Uganda v Lokut (Criminal Sessions Case No. 0053 of 2017) [2017] UGHCCRD 130 (29 September 2017)

Flynote
Criminal law
Case summary
In considering the custodial sentence, in relation to offences of this nature and by reason of the plea of guilty, the court reduced the years from 35 to 16years as the starting point. The court then considered the mitigating factors in favor of the accused and the fact that he pleaded guilty and reduced the 16 years to 10 years’ imprisonment. The court in considering the time spent by the accused on remand, set off one year as the period the accused had already spent on remand and consequently sentenced the accused to nine years' imprisonment.

THE REPUBLIC OF UGANDA

IN THE HIGH COURT OF UGANDA SITTING AT MOROTO

CRIMINAL SESSIONS CASE No. 0053 OF 2017

UGANDA …………………………………………………… PROSECUTOR

VERSUS

LOKUT JOHN ……………………………………………………… ACCUSED

Before Hon. Justice Stephen Mubiru.

SENTENCE AND REASONS FOR SENTENCE

When this case came up for plea taking, the accused was indicted with the offence of Rape c/s 123 and 124 of The Penal Code Act. It was alleged that on 4th September 2016 at Nasinyonoit village "A", Nakapiripirit District the accused had unlawful sexual intercourse with Moru Anna without her consent. The accused entered a plea of guilty to the indictment


The court then invited the learned Resident State Attorney to present the facts of the case, whereupon he narrated the following facts; On 4th September 2016 at Nasinyonoit village in Nakapiripirt village the accused met one Moru Ann on the way in the afternoon hours and chased after her. A struggle ensued in a nearby bush where the accused had forceful sexual intercourse with her without her consent. The victim made an alarm and a person came to her rescue. The accused was caught in the act and disengaged. The victim later reported to the police. The accused was arrested and the victim was examined and it was discovered there were elements of bruises and force used and a sexual act took place. The accused was examined at Nakapiririit Health Centre III on P.F 24 and found to be mentally stable and there were no other relevant findings. Forms 3A and 24A respectively were tendered as part of the facts of the case. When the accused confirmed that the facts were correct, he was convicted on his own plea of guilty for the offence of Rape c/s 123 and 124 of The Penal Code Act.

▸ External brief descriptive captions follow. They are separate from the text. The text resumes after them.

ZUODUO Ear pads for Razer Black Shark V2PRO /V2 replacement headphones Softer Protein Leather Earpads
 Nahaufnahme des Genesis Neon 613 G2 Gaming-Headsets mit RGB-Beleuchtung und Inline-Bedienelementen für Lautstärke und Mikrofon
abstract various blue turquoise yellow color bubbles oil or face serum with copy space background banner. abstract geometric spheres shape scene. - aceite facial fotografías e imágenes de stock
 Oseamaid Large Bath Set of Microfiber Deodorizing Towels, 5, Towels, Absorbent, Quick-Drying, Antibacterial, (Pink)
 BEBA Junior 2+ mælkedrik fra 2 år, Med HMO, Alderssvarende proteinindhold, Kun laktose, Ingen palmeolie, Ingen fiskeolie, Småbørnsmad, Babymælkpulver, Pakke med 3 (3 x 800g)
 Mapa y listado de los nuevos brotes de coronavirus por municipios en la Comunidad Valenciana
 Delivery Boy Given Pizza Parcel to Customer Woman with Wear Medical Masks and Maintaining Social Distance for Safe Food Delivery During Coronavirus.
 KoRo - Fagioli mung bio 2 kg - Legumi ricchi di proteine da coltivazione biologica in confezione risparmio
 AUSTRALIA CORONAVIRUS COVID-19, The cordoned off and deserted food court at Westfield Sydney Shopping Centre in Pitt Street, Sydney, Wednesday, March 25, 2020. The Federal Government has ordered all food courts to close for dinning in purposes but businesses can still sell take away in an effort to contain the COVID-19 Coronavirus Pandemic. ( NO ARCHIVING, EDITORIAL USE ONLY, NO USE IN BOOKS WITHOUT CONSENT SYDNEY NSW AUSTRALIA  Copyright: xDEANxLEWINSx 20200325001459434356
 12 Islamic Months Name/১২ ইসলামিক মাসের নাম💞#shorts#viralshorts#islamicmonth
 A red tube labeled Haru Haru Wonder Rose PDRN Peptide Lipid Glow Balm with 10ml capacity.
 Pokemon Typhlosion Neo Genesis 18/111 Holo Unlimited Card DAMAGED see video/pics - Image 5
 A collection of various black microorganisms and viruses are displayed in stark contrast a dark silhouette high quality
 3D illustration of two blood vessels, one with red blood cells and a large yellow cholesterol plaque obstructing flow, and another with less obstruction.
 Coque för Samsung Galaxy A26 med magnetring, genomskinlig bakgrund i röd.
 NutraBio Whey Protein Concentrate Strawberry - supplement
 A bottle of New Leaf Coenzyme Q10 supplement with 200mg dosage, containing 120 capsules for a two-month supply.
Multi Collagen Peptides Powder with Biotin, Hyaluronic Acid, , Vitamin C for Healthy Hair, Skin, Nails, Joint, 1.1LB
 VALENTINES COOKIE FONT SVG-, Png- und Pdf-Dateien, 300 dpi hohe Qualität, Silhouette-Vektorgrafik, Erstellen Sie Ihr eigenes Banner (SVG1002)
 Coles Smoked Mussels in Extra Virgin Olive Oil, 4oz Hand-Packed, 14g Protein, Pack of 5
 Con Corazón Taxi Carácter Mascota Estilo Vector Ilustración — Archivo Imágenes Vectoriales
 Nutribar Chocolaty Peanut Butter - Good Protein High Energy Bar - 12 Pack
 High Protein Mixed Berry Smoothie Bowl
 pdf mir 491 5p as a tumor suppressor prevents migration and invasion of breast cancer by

Submitting in aggravation of sentence, the learned State Attorney stated that; - although the convict is a first offender, has pleaded guilty and not wasted court's time however the manner in which the offence was committed was violent and the convict took the opportunity that the victim was walking alone. The victim was a young woman at 24 years and the offence affects the dignity of women.


In her submissions in mitigation of sentence, Counsel for the accused on state brief argued that; the convict is a first offender. The court should consider that the convict has admitted the commission of the offence at an early stage. During his remand he has learnt a lesson and he is now remorseful for he appreciates that it is wrong. It is a cultural practice. I consider that it is considered. The convict is very useful and should reform. The convict be given a lenient sentence. In his allocutus, the convict stated that; he prays court to forgive him. What he committed is a grave offence but the court should be lenient to him and give him a short sentence. He has problems at home. His mother has two children. His mother left boys and he is the one who is supposed to help them.


In sentencing the accused, I am guided by The Constitution (Sentencing Guidelines for Courts of Judicature) (Practice) Directions, 2013. Regulations 20 and 22 thereof specify circumstances by virtue of which the court may consider imposing a sentence of death in a case of this nature. None of them arose in the instant case. I have not found any other extremely grave circumstances as would justify the imposition of the death penalty. The manner in which the offence was committed was not life-threatening and neither was death a probable result of the accused’s conduct. For those reasons, I have discounted the death penalty.


The next option in terms of gravity of sentence is that of life imprisonment. However, none of the relevant aggravating factors prescribed by Regulations 20, 22 and 24 of the Sentencing Guidelines, which would justify the imposition of a sentence of life imprisonment, are applicable to this case. Similarly, that possibility too is discounted.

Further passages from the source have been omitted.